Huppke urges to approach a given situation by first figuring out if what you need to do is necessary. To tailor this approach to legal issues, we would urge you to figure out, first and foremost, what the issue is. What is your client asking of you? Does the sales department want you to negotiate a deal before quarter end? Or does the finance department need some guidance on compliance issues. Before you jump all in, figure out exactly what people are asking of you. In this case, F is for issue spotting.
Next, Huppke coaches careful examination -- thinking before speaking. Hopefully, as an attorney you already know the importance of this, but you can never be too careful. Especially in confrontational situations often seen in a litigation context, the first gut response is often the worst. Before speaking or hitting send, spend some time mulling your response over, maybe even get a second opinion. You don't want to make the legal situation for your company worse because you flew off the handle.

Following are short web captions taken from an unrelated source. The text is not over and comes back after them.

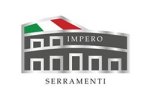 logo_Impero Serramenti Di Bravo Giovanni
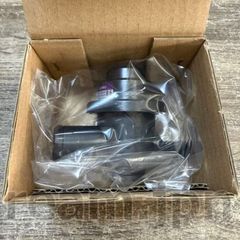 新品 EAD E60HD-MKⅡ 8cm ハイエンド フルレンジ スピーカー - メルカリ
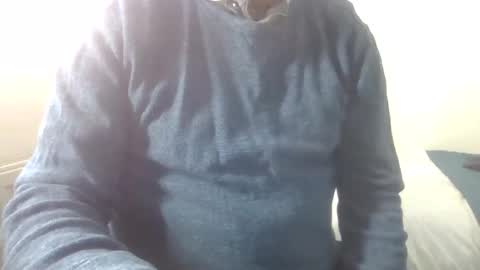 Snapshot of thicksingarters chatting on 09/13/25, 10:15 thicksingarters online show from 09/13/25, 10:15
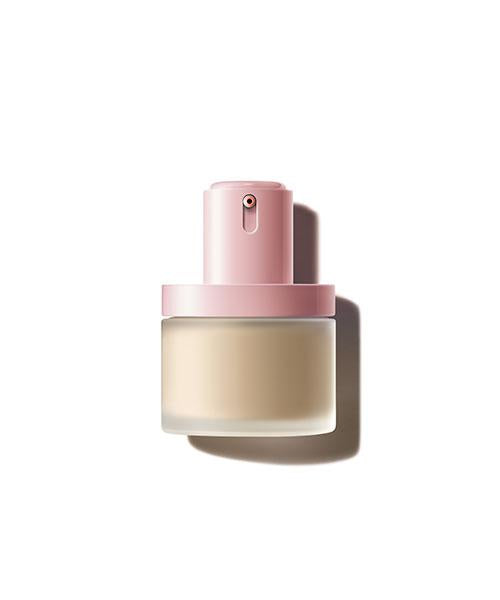 Neo Foundation Glow 17N1 Vanilla 30ml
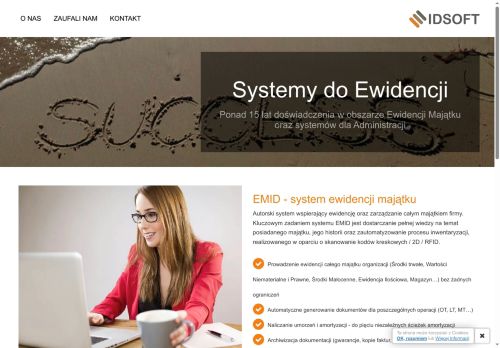 idsoft.pl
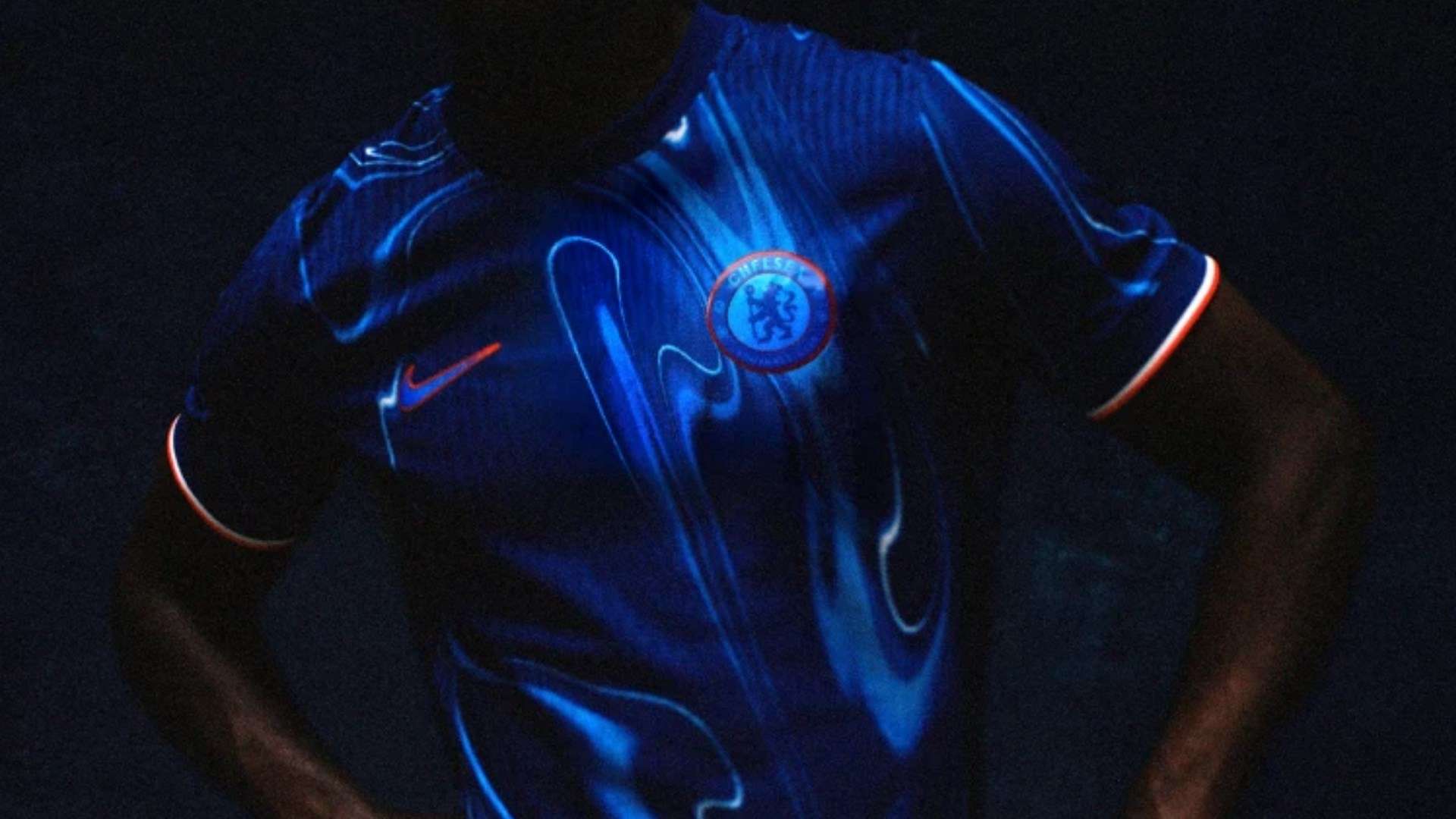 情的影响 情的影响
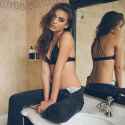 1bed748346cf4941eb6212efa4bf940b.jpg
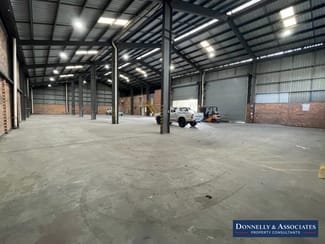 Factory, Warehouse & Industrial commercial property for lease at 71 Colebard Street West Acacia Ridge QLD 4110 Factory, Warehouse & Industrial commercial property for lease at 71 Colebard Street West Acacia Ridge QLD 4110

Alter, as in changing your mind -- Huppke thinks that's A-Ok. In the law department, that may mean re-thinking a legal decision, or trying to approach the legal issue from a business frame of mind. Perhaps your company's legal practice is to include certain clauses in all agreements, but maybe your sales team is really persuasive as to why a particular client's agreement shouldn't have that term. Don't be afraid to alter your perspective and think like a business person, so long as you always have the company's best legal interests in mind.
Lastly, Huppke wants you to remember to be nice. While we're big fans of playing nice, as far as dealing with legal issues, we would urge you to remember the end goal. Sometimes you can get caught up in the legal minutiae of an issue and forget the corporate big picture. Take a step out of your lawyer shoes and try to approach the legal issue with what makes the most sense for the business. That just mignt include sustaining the relationships you have built over the years.
While you may rather employ other work acronyms like ASAP, TGIF, IRAC, or our favorite, WTF, incorporating some F.E.A.R. into your life may not be such a bad thing after all.